Jim Corbett – Ranthambore – Tadoba Andhari – Bandhavgarh – Kanha – Pench – Tippeshwar
RESERVE 01
Jim Corbett National Park holds a place unlike any other in India’s conservation story. Established in 1936 as Hailey National Park, it was the first national park in Asia and the launch site of Project Tiger in 1973. To visit Corbett is to walk through wildlife history — and to encounter a landscape of extraordinary richness.
Spread across 1,318 square kilometres in the Nainital district of Uttarakhand, Corbett is a mosaic of sal forest, riverine belts, grasslands and rolling hills. The Ramganga river winds through its heart, drawing wildlife to its banks in a daily drama of predator and prey. Tigers here are shy and unhurried — sightings reward patience rather than luck.
What sets Corbett apart is its sheer diversity. More than 650 species of birds have been recorded here, making it one of the finest birding destinations in northern India. Elephants move in large herds through the forests. Gharials rest on the Ramganga’s banks. And on an exceptional morning in the Dhikala grasslands, you may find yourself watching a tiger hunt in the long golden grass as the Himalayan foothills rise behind it — a scene that stays with you forever.
WHERE YOU'LL STAY
Corbett has excellent luxury and boutique lodge options in the buffer zone and surrounding area. The iconic Forest Rest Houses inside Dhikala zone offer an unparalleled inside-the-reserve experience but must be booked well in advance.
RESERVE 02
There is nowhere quite like Ranthambore. While most tiger reserves offer dense forest and fleeting glimpses, Ranthambore’s tigers have long been accustomed to vehicles — making it one of the finest places in the world for extended, close-up tiger observation. The reserve’s open terrain, dotted with lakes and ancient ruins, means sightings here are often extraordinary in their duration and drama.

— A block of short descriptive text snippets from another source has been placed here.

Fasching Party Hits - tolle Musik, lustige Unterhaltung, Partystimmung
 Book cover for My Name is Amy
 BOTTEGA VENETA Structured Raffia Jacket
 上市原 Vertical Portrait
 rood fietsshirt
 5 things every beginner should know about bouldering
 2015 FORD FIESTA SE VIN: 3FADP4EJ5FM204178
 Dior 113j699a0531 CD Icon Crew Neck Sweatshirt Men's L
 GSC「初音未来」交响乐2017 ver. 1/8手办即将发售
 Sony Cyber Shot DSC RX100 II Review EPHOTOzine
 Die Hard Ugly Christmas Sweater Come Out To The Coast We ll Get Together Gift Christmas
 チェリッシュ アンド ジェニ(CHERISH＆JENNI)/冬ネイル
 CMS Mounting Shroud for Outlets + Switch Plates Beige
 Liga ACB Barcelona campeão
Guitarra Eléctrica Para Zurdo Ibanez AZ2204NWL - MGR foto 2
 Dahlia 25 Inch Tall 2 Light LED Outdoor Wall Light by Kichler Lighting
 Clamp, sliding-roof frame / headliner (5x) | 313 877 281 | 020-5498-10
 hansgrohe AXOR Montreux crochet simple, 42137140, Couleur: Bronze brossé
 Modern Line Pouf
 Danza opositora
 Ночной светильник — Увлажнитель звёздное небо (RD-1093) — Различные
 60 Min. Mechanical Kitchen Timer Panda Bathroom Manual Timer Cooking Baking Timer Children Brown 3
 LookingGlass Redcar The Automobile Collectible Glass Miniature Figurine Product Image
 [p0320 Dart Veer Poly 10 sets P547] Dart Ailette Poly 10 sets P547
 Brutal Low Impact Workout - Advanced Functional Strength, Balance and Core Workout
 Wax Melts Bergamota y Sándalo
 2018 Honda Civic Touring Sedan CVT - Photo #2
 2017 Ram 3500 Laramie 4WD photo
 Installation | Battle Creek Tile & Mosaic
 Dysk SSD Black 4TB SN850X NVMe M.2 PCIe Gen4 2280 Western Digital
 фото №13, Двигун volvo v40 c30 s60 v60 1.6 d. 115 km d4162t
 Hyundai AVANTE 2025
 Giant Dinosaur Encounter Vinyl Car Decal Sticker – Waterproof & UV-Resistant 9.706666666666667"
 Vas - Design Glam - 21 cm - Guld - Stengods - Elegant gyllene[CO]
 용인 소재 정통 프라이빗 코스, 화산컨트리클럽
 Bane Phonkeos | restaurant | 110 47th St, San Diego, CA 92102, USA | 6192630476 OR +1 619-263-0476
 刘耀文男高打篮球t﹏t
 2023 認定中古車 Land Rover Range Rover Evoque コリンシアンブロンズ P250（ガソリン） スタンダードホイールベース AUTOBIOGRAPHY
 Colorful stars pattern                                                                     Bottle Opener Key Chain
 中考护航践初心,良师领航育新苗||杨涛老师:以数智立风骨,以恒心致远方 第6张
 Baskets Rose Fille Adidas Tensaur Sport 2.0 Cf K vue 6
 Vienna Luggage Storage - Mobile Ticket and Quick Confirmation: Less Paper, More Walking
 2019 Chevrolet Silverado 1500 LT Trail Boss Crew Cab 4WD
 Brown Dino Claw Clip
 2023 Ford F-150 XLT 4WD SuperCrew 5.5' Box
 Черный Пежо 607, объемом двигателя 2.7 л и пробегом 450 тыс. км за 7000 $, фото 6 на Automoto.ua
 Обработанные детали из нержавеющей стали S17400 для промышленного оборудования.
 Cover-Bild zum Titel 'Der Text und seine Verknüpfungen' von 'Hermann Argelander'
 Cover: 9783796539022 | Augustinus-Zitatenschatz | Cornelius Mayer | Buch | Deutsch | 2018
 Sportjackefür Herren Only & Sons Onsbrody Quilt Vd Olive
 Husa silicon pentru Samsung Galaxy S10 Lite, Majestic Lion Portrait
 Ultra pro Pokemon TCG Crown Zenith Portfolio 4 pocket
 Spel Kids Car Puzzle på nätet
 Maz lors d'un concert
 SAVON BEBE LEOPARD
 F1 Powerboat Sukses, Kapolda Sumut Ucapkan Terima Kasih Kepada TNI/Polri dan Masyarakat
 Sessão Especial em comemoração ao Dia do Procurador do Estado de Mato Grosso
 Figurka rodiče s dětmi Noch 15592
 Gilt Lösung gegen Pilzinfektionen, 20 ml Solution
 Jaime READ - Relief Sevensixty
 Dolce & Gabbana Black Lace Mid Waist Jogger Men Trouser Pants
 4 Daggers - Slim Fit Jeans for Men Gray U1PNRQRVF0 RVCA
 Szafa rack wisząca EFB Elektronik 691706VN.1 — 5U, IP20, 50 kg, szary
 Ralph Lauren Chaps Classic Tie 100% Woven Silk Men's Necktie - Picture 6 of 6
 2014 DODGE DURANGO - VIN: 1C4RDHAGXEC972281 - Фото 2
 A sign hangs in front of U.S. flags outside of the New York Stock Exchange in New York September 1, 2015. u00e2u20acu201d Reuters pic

The backdrop is unlike anything else in India’s safari circuit. The imposing 10th-century Ranthambore Fort — a UNESCO World Heritage Site — looms above the treeline, its crumbling parapets draped in jungle. Tigers have been photographed swimming in the lake beneath the fort, resting in its ruins and walking its ancient walls. It is a collision of history and wilderness that no photograph can fully do justice to.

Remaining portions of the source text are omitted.